Word for word, restate the lines from the start of the data down to the line with "Cumpără / Vinde", both included.

EXTRACTED MATERIAL Block Start

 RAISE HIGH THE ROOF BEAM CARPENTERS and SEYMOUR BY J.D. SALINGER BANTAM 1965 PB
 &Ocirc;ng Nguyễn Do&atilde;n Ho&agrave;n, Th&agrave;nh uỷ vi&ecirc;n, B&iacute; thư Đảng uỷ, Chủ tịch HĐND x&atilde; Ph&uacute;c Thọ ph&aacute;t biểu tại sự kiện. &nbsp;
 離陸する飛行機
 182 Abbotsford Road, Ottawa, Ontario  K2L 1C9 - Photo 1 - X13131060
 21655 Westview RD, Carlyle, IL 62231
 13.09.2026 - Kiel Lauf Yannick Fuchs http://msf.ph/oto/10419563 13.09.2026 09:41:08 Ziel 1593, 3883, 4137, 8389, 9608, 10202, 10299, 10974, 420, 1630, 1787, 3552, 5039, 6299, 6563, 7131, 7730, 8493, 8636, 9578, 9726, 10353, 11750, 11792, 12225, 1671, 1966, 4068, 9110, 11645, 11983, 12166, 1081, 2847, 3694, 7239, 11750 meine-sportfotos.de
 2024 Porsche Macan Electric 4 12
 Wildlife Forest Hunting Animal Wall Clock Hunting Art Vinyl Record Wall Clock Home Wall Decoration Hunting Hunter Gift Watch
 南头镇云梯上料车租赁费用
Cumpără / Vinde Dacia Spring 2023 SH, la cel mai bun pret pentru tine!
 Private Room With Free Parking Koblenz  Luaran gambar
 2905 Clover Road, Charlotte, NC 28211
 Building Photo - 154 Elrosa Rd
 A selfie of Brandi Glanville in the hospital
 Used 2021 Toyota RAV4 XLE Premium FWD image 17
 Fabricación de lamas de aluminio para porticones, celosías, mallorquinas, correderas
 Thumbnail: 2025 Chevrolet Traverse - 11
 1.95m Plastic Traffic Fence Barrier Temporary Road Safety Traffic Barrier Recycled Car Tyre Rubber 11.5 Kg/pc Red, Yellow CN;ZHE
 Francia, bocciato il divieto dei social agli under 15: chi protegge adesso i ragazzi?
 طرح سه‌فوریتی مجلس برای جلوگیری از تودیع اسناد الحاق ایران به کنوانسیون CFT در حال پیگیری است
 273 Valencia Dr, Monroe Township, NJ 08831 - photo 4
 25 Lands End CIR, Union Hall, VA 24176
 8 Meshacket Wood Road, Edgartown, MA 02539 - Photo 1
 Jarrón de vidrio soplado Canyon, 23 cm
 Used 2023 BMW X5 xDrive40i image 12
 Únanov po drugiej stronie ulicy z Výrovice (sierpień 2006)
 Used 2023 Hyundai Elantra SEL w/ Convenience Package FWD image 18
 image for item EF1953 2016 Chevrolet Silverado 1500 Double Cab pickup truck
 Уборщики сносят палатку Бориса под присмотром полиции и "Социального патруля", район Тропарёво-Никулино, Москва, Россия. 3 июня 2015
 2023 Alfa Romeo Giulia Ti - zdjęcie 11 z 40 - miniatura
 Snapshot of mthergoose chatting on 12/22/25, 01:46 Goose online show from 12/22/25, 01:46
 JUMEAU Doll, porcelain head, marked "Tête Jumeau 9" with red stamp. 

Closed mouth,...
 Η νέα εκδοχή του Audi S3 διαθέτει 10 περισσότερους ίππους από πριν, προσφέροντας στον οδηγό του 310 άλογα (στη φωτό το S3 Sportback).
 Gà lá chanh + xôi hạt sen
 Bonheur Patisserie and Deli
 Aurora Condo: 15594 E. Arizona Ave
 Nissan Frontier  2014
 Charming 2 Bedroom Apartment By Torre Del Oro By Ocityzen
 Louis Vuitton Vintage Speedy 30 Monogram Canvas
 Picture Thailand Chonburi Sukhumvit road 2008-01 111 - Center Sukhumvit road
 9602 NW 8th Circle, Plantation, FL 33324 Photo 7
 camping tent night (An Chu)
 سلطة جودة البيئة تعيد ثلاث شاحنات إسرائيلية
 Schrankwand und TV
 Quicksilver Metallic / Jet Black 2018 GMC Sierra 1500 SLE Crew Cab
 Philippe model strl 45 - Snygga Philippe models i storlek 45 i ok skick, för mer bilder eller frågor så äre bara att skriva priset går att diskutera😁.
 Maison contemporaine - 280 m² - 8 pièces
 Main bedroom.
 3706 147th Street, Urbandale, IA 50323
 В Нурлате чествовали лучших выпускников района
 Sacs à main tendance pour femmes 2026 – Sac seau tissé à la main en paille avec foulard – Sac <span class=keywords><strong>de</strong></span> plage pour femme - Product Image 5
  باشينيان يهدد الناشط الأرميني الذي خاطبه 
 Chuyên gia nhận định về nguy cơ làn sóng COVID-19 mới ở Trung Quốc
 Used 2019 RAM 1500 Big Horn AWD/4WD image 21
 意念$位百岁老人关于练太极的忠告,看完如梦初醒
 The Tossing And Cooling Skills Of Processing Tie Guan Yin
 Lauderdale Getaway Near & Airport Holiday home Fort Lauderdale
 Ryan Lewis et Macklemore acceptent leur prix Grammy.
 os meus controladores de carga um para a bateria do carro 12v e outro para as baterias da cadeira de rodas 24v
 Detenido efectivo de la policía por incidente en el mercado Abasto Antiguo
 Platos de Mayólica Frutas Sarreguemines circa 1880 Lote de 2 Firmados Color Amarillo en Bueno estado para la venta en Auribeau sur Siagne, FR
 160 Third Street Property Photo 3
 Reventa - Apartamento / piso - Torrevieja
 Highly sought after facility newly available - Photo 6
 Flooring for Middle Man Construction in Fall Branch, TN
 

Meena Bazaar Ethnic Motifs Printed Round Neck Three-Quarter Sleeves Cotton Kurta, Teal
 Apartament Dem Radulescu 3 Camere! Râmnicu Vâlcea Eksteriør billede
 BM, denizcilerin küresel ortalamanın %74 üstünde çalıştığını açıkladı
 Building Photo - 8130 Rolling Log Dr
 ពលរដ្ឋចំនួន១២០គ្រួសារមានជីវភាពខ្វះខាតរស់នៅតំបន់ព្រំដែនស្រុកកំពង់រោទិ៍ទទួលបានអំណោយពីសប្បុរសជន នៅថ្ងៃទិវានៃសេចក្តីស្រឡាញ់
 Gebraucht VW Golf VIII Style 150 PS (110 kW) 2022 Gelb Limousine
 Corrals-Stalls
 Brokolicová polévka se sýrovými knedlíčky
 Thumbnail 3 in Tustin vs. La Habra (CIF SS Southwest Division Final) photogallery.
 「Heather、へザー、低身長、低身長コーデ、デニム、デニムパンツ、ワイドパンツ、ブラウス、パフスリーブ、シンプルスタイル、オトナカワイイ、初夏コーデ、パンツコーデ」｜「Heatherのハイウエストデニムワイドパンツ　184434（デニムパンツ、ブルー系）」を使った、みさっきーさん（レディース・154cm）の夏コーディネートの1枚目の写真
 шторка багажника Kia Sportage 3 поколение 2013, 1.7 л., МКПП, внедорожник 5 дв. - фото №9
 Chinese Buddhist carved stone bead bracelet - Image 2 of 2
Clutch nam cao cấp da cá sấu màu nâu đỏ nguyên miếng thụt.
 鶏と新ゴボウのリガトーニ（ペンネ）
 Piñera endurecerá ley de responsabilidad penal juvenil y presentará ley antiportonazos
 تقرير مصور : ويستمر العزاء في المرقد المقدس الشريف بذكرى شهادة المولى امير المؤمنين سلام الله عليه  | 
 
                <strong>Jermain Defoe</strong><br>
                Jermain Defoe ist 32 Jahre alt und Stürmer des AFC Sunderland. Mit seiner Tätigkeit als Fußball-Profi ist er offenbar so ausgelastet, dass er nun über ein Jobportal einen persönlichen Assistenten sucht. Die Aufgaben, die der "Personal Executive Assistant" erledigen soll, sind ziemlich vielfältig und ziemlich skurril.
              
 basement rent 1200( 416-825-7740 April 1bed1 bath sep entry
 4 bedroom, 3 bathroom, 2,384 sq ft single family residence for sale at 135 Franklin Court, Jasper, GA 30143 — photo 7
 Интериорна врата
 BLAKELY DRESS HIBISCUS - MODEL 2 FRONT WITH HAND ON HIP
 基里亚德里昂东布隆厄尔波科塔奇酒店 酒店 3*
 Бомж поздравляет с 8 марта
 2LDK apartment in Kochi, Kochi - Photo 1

EXTRACTED MATERIAL Block End

#### EXERCISE RESPONSE:
 RAISE HIGH THE ROOF BEAM CARPENTERS and SEYMOUR BY J.D. SALINGER BANTAM 1965 PB
 &Ocirc;ng Nguyễn Do&atilde;n Ho&agrave;n, Th&agrave;nh uỷ vi&ecirc;n, B&iacute; thư Đảng uỷ, Chủ tịch HĐND x&atilde; Ph&uacute;c Thọ ph&aacute;t biểu tại sự kiện. &nbsp;
 離陸する飛行機
 182 Abbotsford Road, Ottawa, Ontario  K2L 1C9 - Photo 1 - X13131060
 21655 Westview RD, Carlyle, IL 62231
 13.09.2026 - Kiel Lauf Yannick Fuchs http://msf.ph/oto/10419563 13.09.2026 09:41:08 Ziel 1593, 3883, 4137, 8389, 9608, 10202, 10299, 10974, 420, 1630, 1787, 3552, 5039, 6299, 6563, 7131, 7730, 8493, 8636, 9578, 9726, 10353, 11750, 11792, 12225, 1671, 1966, 4068, 9110, 11645, 11983, 12166, 1081, 2847, 3694, 7239, 11750 meine-sportfotos.de
 2024 Porsche Macan Electric 4 12
 Wildlife Forest Hunting Animal Wall Clock Hunting Art Vinyl Record Wall Clock Home Wall Decoration Hunting Hunter Gift Watch
 南头镇云梯上料车租赁费用
Cumpără / Vinde Dacia Spring 2023 SH, la cel mai bun pret pentru tine!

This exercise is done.